Dans cet entretien, le président du quatrième armement mondial de porte-conteneurs dissipe une partie du mystère : la Chine a bel et bien cherché à encadrer les taux de fret. C’est la première fois qu’une grande compagnie, parmi celles qui avaient été convoquées par les autorités de régulation chinoises à la fin de l’été, s’exprime sur le sujet.
À l’instar de la Federal Maritime Commission des États-Unis (FMC), le ministère chinois des Transports a souhaité entendre en septembre les principaux transporteurs de la ligne régulière opérant entre Asie et États-Unis – Cosco, Maersk, MSC, CMA CGM, Hapag-Lloyd et Evergreen –, pour connaître les raisons de la flambée inhabituelle des taux de fret (ils sont toujours à des niveaux très élevés).
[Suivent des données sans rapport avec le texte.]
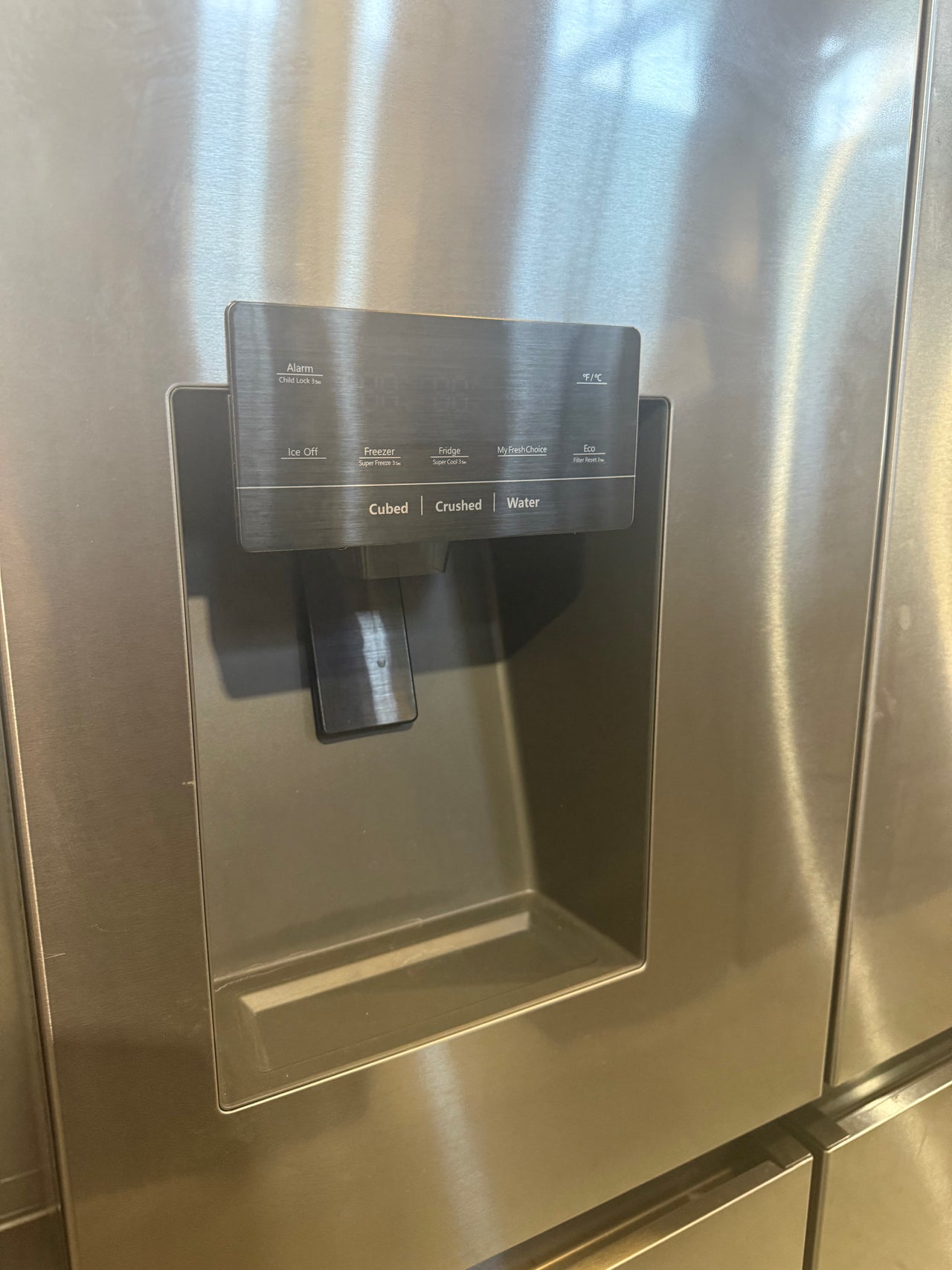 Factory second Hisense 585L PureFlat Eclipse Refrigerator Dark Stainless Steel HRCD586TBWB - Second Hand Appliances Geebung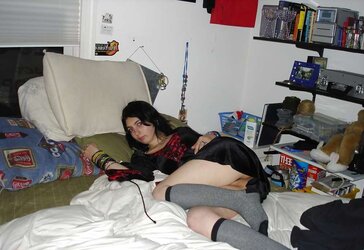 Teenager 18yo having Fuckfest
Rien d’officiel n’était sorti des discussions au sommet mais des rumeurs persistantes ont prêté à l’administration chinoise une tentative d’ingérence à la fois dans la fixation des prix et dans la gestion des capacités (à l’époque, les compagnies avaient supprimé de nombreux services).
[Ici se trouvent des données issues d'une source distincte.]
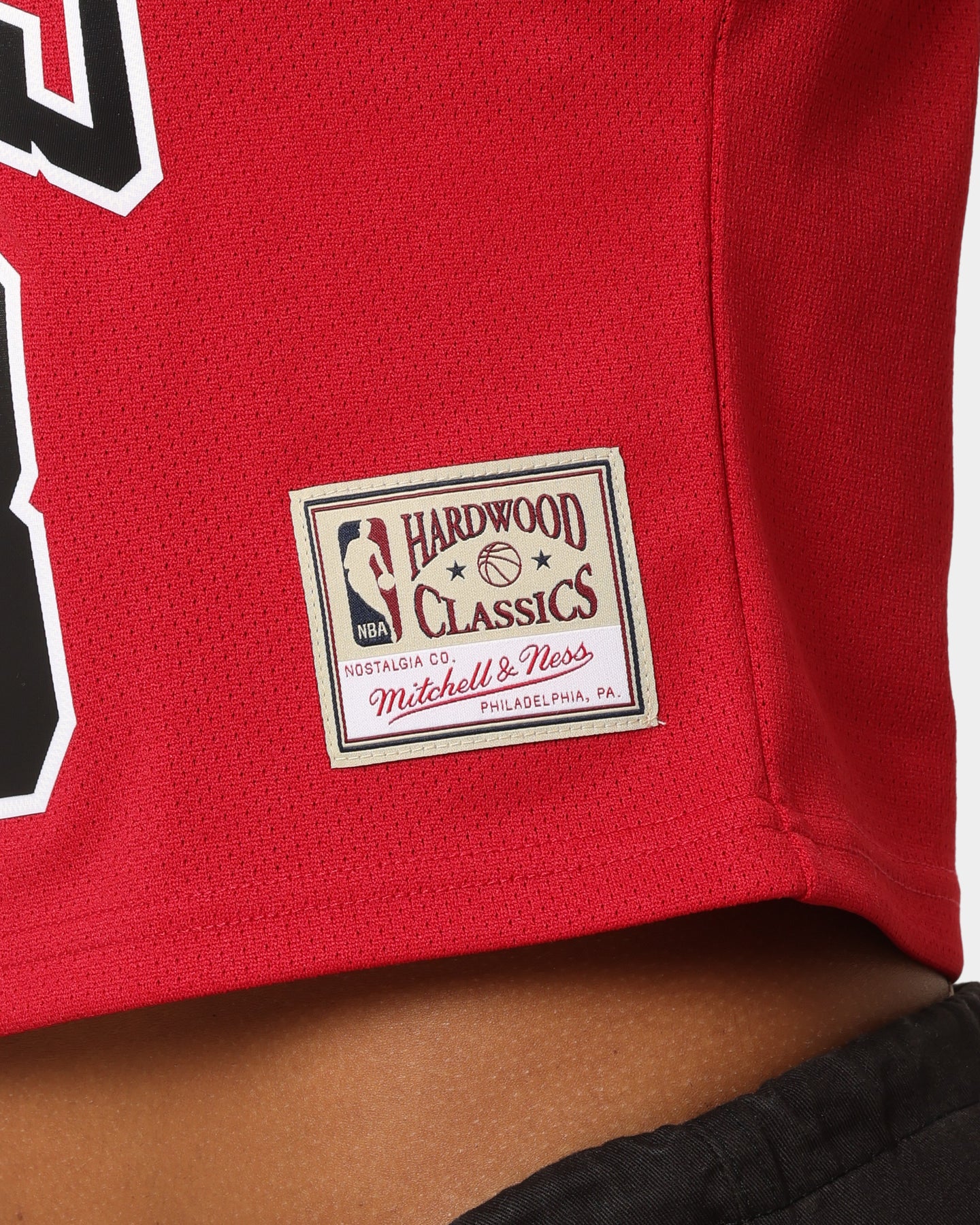 Mitchell & Ness Women's Chicago Bulls Scottie Pippen #33 NBA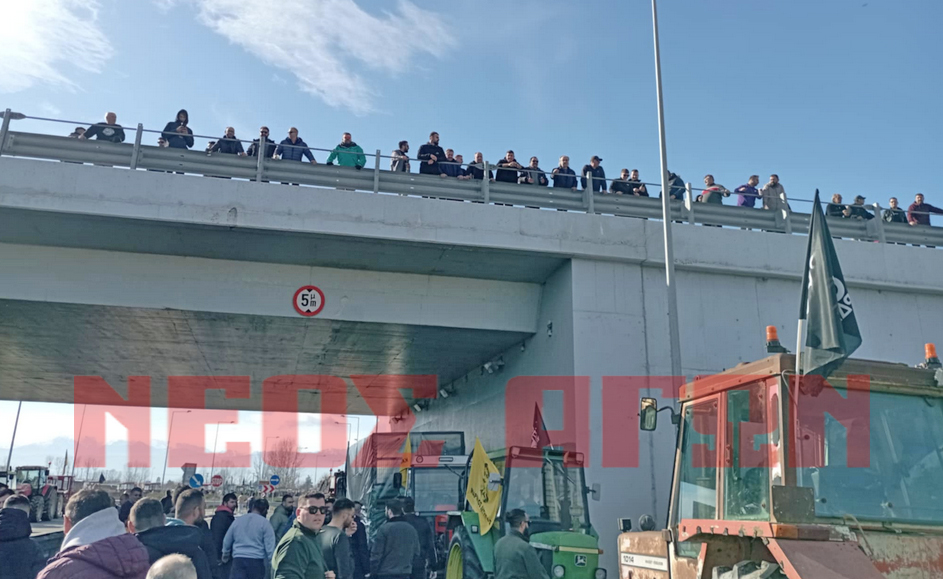 Ρίψη χημικών και χειροβομβίδων κρότου λάμψης από τα ΜΑΤ στο μπλόκο του Ε-65 (φωτο)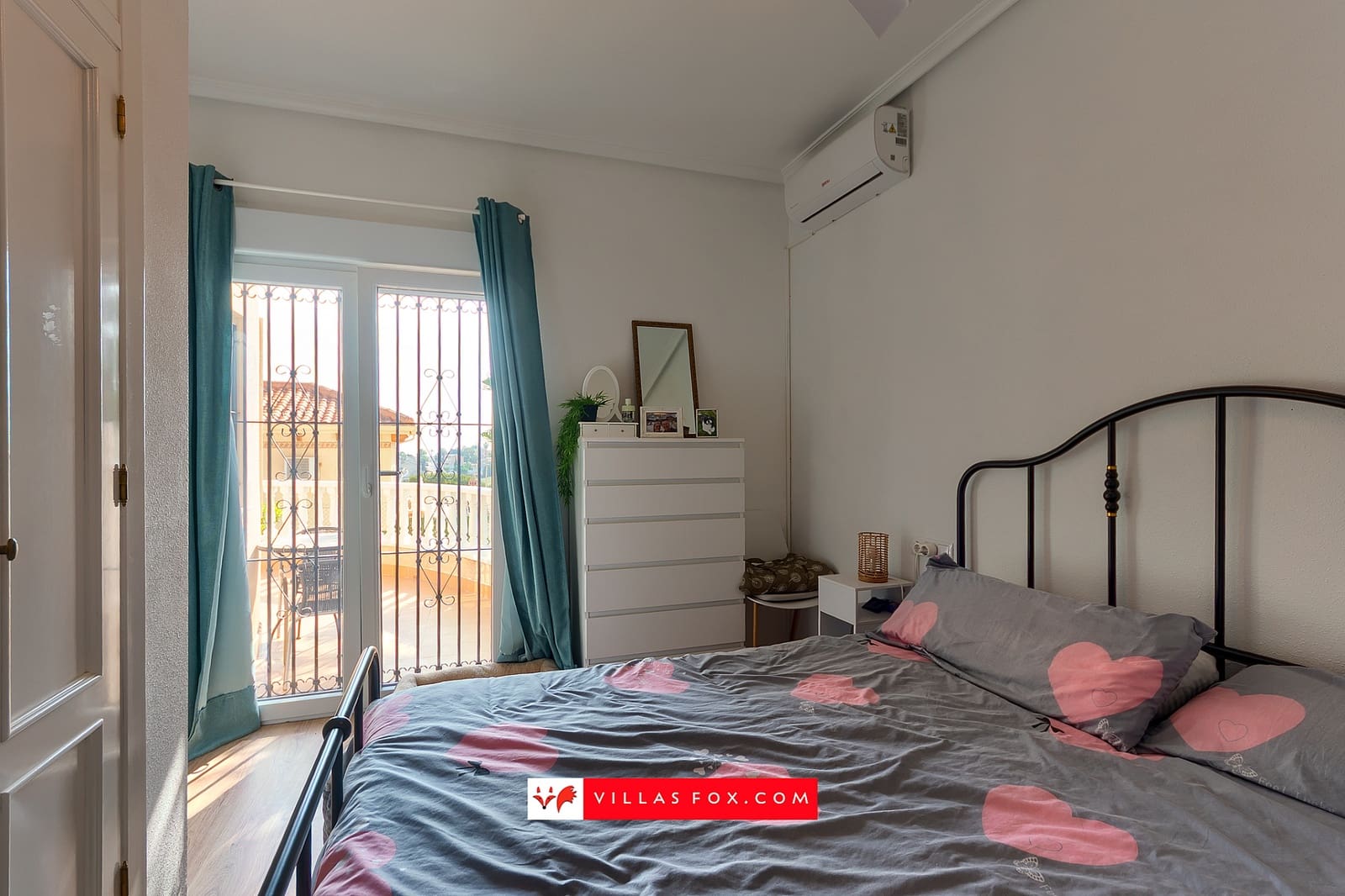 3 soverom Villa til salgs i San Miguel de Salinas med svømmebasseng garasje - € 349 000 (Ref: 9814102)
Selon Rodolphe Saadé, les autorités craignent qu'un rebond des taux ne menace les exportations chinoises mais ne dit pas quelle sera sa politique commerciale en la matière. Il n’a pas non plus nié les problèmes de retard en raison de l’encombrement des ports, ni la pénurie de conteneurs, dont le manque accroît un peu plus la tension sur les prix.
Les transporteurs de la ligne régulière convoqués par le ministère chinois des Transports
L’ajustement des armateurs de leur offre à la demande a permis de maintenir les taux de fret alors que le secteur devait affronter la crise sanitaire. Associée à la forte baisse du coût du bunker, les opérateurs ont tous présenté, à l’issue du premier semestre, des bénéfices d’exploitation importants, ce qui a fini d’agacer les chargeurs, qui ne profiteraient pas, par ricochet, de la meilleure fortune de leurs prestataires.
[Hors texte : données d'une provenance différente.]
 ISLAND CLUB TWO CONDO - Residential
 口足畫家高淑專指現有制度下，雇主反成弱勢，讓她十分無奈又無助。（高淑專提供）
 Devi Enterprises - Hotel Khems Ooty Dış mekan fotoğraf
Conteneurs : l'affaire transpacifique
Mouvements d’humeur
L’envolée des taux, qui a d’abord concerné le transpacifique a depuis gagné de nombreuses routes, y compris de l’Asie vers l’Europe, où les taux de fret se maintenaient jusqu’à ces derniers jours. Mais l'indice du fret conteneurisé de Shanghai (SCFI) de cette route a été contaminé à son tour par la fièvre : + 21 % vers l'Europe du Nord et + 23 % vers la Méditerranée. Les prix à destination de l'Australie et du Brésil sont également en hausse, avec le SFCI qui suit désormais les taux au comptant en provenance d'Asie avec une hausse d'environ 150 % par rapport à la même période l'année dernière.
Des mouvements d’humeur commencent à se manifester avec bruit tout au long de la chaîne d’approvisionnement, notamment de la part des commissionnaires, transitaires et logisticiens. D’autant que les surcharges, GRI et PSS pleuvent.
Deux mois après Pékin et Washington, Séoul a également convoqué il y a quelques jours les principaux transporteurs maritimes pour les inciter à la modération. Le « vous ne pouvez pas faire ce que vous voulez » prononcé par Rodolphe Saadé est lourd de sens. L’interventionnisme des États est inquiétant pour les transporteurs, qui seraient alors bridés dans la gestion de leurs capacités face à l'extrême volatilité de la demande en ces temps si peu ordinaires.